Design systems are visual UI and branding style guides, along with the pattern library for interactions and transitions.
In a design system you would find the logo, fonts and color palettes for your products, along with how login works and how pages transition, and buttons, input boxes and other functional elements. A design system is both the rules for the UI and the rules for the UX.
The point of a design system is to keep everything within a digital product–and sometimes across digital products–consistant. This advantages both the users who aren’t forced to learn multiple different navigation and interaction patterns, but also your engineers who can work more efficiently by developing one button style that’s used everywhere, or one account creation flow that can be used with all the company’s apps.
Without a rule book for how the designs function and look, each product becomes an example of the whims and biases of the designer, product manager and engineers that worked on it. In a small company with just one product, that’s not such a big deal. But once you have more than a single digital product–even just an app and a website–those inconsistencies across branding, UI and UX begin to drag on the whole team.
It’s easier for everyone if once a decision is made about how users will create an account, that decision applies to all instances of account creation. That means you don’t have to litigate the user flow for each new app or website. Engineers can pull the code and with small tweaks reuse it in new products. And designers don’t waste their time making duplicate user flows and login pages for every product that crosses their desk.
The duplicate efforts alone can extend the production time and cause frustration not just for your design team but also for users. Consistency means less work, less ramping up for users, and less stress for PMs trying to meet deadlines.
If you haven’t used Zeplin, it’s a platform for handing off design artifacts to engineers (primarily) and stakeholders. One main advantage of tools like this is that they nearly automatically build a design system for you, out of the artifacts you push to the platform.
Another advantage is that they write their own specs, so you don’t have to call out colors, fonts, line spacing or any other spaces. For those of us who’ve lived long enough to remember doing all of that by hand, it’s a godsend. It saves days of work.
There are several drawbacks of design systems that it’s good to be aware of, and work to mitigate:
- It requires nearly constant updating and management. A messy, stale design system with old artifact and old styles is worse than no design system at all.
- It can hamper creativity.
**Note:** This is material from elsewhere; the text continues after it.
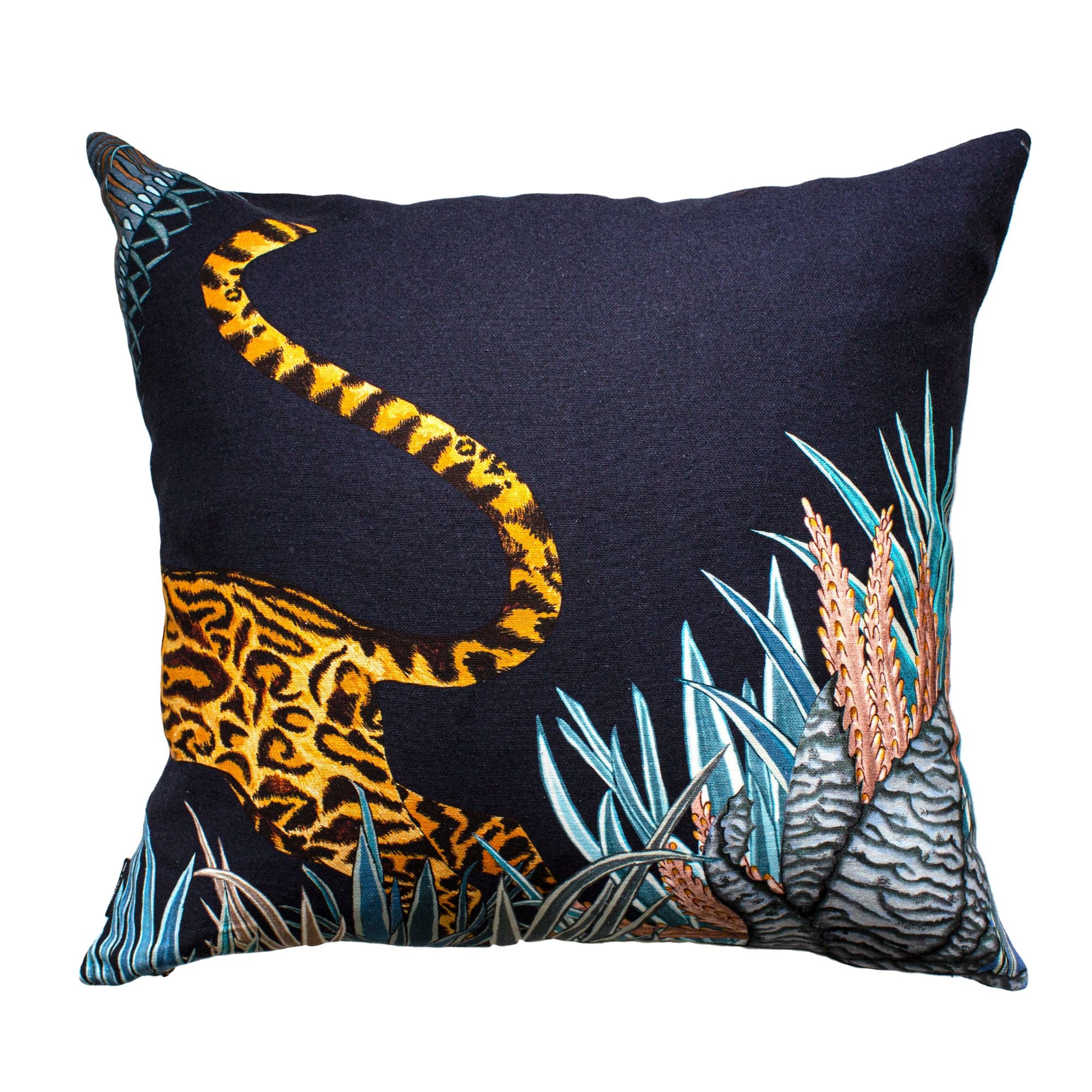 Cheetah Kings Forest Pillow - Cotton - Tanzanite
If a system is already in place–and is fairly unflexible and ridged–you may find it hard to innovate on styles and interaction patterns easily.
- It can be very complicated to use, especially if you work in a company with many products, requiring you to learn multiple systems and work within them.
But compared to the chaos of not having a defined style guide and established user flows and interaction patterns, none of these drawbacks make it strategic to forego a rigorous design system.